Propaganda did not always have a negative connotation, he said. One description of the word says it is “a form of communication that is primarily used to influence or persuade an audience to further an agenda.”
By that definition, political campaigns and advertising are forms of propaganda. However, the word inherited a more sinister meaning when totalitarian governments used it to fulfill their own needs.
“Propaganda as a term took on a pejorative meaning during the 1930s and 1940s, largely as a result of Nazi propaganda,” said Terilli. “The fact is propaganda as a term has a long history and there is good propaganda and horrible propaganda.”
The propaganda the Russians are employing is among the worst, according to Terilli.“Some forms of propaganda are manipulative, false, and even dangerous in some ways,” he said. “Some can be falsely sourced to mislead people, and some may intentionally seek to play off prejudice, hatred, and fear. Those forms are among the worst.”
Carr outlined some of the fake news that Russia is spreading:
- The United States is funding bio warfare laboratories in Ukraine to produce chemicals to weaken or kill Russians. The toxins would be carried into the country by migrating birds.
- President Volodymyr Zelenskyy of Ukraine is a Nazi and so is his cabinet.
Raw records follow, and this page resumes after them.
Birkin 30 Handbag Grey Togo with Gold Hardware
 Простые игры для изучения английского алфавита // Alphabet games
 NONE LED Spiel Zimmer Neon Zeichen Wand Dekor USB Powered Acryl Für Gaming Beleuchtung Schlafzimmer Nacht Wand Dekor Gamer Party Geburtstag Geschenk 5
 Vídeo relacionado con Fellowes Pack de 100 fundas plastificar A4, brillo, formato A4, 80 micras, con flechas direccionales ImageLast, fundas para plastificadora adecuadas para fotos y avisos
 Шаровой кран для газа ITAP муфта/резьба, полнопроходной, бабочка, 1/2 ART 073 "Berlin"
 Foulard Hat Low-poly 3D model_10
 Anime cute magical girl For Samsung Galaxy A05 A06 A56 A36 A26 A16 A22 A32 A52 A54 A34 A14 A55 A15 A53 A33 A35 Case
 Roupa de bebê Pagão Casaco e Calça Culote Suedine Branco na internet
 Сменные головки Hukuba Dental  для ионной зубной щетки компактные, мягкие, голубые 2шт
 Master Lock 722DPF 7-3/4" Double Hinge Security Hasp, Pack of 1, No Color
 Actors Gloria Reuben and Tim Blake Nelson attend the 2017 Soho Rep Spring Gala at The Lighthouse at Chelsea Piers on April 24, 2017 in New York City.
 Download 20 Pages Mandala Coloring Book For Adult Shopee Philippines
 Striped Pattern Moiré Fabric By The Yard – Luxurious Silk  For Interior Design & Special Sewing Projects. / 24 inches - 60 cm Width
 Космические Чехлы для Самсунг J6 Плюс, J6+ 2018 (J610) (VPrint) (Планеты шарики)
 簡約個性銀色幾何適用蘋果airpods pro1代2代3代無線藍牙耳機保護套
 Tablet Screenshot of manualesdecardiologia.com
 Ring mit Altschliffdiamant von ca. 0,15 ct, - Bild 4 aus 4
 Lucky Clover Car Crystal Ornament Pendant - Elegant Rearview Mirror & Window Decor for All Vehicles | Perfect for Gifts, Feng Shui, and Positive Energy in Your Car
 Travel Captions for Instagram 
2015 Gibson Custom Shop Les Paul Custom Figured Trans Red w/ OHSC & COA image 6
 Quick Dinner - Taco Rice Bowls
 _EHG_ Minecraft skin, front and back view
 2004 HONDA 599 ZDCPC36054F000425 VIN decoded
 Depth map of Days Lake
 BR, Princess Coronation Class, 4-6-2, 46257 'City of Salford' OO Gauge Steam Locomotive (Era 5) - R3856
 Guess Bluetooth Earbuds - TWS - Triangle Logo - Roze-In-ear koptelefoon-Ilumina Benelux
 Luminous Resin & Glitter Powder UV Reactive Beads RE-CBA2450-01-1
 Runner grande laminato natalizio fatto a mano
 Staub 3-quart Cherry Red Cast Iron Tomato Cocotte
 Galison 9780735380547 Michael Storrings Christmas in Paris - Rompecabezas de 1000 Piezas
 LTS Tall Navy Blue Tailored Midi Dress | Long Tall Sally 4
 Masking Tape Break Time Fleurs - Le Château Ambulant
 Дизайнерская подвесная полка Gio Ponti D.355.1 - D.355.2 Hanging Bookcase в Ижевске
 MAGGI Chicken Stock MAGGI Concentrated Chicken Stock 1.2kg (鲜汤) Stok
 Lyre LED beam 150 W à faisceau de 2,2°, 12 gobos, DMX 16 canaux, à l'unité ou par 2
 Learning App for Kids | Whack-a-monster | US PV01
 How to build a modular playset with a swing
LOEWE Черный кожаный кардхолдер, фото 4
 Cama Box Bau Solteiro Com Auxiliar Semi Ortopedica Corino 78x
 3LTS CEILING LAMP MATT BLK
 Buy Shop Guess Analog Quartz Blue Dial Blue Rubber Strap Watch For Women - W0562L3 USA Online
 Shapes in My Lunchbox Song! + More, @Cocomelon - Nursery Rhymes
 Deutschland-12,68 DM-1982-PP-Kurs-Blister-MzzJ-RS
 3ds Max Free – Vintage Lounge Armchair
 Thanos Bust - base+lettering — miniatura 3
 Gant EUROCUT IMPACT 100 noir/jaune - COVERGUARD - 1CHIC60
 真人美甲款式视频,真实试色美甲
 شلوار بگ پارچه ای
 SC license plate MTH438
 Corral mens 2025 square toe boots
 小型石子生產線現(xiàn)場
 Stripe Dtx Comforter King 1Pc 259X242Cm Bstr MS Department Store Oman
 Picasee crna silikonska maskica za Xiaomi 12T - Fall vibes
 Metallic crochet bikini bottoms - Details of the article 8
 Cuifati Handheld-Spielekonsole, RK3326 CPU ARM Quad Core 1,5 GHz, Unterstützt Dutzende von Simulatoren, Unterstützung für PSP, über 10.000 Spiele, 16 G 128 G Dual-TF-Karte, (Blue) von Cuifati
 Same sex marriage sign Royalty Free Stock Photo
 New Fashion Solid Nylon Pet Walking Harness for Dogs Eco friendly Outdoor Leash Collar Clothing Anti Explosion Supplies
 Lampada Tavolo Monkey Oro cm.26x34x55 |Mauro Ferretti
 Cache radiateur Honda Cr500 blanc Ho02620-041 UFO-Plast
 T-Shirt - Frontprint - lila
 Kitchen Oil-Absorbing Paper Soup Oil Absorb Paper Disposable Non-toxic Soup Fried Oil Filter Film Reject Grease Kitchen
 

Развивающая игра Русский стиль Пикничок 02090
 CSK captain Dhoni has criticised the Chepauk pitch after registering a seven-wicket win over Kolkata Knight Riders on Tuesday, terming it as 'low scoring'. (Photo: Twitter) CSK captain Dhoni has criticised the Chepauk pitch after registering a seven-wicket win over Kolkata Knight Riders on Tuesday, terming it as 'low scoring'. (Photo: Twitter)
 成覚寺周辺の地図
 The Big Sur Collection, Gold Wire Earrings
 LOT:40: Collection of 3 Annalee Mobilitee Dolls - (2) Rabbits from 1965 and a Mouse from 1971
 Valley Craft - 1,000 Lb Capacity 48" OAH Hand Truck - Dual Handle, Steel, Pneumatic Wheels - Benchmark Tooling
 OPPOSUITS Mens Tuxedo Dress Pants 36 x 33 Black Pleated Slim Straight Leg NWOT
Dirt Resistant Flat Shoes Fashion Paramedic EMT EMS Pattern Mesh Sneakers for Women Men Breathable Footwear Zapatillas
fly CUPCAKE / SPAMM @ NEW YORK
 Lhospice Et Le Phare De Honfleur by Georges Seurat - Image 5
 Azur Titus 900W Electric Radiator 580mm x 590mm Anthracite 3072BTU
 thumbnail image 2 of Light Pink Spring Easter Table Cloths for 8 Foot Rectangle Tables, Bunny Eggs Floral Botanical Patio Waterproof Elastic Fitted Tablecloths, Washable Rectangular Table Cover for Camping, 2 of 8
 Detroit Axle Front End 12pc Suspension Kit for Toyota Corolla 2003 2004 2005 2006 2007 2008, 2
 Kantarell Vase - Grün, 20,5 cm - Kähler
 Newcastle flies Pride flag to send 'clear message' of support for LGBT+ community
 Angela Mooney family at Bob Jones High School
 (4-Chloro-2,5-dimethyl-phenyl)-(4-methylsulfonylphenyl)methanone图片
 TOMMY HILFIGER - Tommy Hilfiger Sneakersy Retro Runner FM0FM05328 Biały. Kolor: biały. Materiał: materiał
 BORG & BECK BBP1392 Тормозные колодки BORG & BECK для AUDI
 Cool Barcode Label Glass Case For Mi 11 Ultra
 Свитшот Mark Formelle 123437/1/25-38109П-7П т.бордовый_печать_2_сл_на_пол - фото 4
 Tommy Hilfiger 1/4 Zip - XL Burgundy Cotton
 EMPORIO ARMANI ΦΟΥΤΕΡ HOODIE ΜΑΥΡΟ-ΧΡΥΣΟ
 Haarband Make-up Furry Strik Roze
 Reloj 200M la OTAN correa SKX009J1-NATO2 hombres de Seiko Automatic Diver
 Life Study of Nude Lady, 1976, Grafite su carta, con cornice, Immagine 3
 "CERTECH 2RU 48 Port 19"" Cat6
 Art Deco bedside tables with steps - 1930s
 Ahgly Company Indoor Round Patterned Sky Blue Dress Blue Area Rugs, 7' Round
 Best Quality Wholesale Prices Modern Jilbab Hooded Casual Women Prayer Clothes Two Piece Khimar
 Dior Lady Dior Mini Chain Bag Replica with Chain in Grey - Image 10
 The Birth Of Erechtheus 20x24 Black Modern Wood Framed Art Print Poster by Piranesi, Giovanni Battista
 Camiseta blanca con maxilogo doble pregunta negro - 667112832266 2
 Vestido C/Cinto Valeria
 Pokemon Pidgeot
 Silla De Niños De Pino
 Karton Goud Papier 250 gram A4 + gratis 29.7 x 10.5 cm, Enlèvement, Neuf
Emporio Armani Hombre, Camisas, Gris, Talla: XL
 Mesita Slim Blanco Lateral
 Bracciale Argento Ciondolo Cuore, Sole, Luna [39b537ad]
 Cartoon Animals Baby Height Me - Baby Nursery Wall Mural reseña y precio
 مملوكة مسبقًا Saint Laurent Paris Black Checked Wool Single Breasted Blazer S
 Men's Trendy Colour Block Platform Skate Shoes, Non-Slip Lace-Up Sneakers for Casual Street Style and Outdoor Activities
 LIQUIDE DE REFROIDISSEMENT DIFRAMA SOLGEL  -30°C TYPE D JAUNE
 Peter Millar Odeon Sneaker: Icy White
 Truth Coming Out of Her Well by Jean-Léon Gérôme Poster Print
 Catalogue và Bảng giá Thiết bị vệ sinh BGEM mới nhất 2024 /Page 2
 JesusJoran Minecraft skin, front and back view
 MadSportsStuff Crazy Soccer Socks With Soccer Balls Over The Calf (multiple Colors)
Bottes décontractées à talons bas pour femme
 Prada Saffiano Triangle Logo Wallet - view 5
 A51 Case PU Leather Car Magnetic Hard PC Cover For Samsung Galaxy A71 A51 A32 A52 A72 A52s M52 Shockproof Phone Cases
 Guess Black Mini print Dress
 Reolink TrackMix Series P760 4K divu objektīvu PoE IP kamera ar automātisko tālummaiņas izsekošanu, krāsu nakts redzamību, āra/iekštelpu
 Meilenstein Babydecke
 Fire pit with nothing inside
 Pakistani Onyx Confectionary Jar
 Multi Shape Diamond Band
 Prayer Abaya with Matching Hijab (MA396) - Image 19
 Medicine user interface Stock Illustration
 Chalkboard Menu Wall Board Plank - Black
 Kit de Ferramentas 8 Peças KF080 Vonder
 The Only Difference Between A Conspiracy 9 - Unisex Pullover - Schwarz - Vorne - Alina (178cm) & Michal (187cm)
They are dangerous, and they have camps where they are holding Ukrainians. (Zelenskyy is of Jewish descent, and his grandmother was a victim of the Holocaust.)
- The photos and videos of the Ukraine war are all “fake news.” The photos and videos are doctored and the people who look injured or dead are all hired actors.
- Russian soldiers were sent to Ukraine to liberate the Ukrainians, and are bringing them medicine, food, and blankets.
“These are the stories most Russians are seeing in their television and news feeds courtesy of the Russian-run media,” said Carr.
These messages are also being sent outside of Russia by its diplomats, she pointed out. Many of these ambassadors disseminate the false information to other countries via social media posts.
“The Russians have done so many things to shut the Russian people off from real news,” she said. “And, with Putin pulling the plug on Twitter, Facebook, TikTok, and Instagram, people within Russia have no access to real news being shared.”
The draconian measures imposed by Putin on the press have led independent and international media outlets to make some difficult decisions. For example, The New York Times has pulled its journalists out of Russia.
All this censorship means that residents in Russia are being kept in the dark about the real facts surrounding the conflict with Ukraine, Carr noted. “It means that Russia is losing the propaganda war globally,” she said. “But it is winning the propaganda war internally.”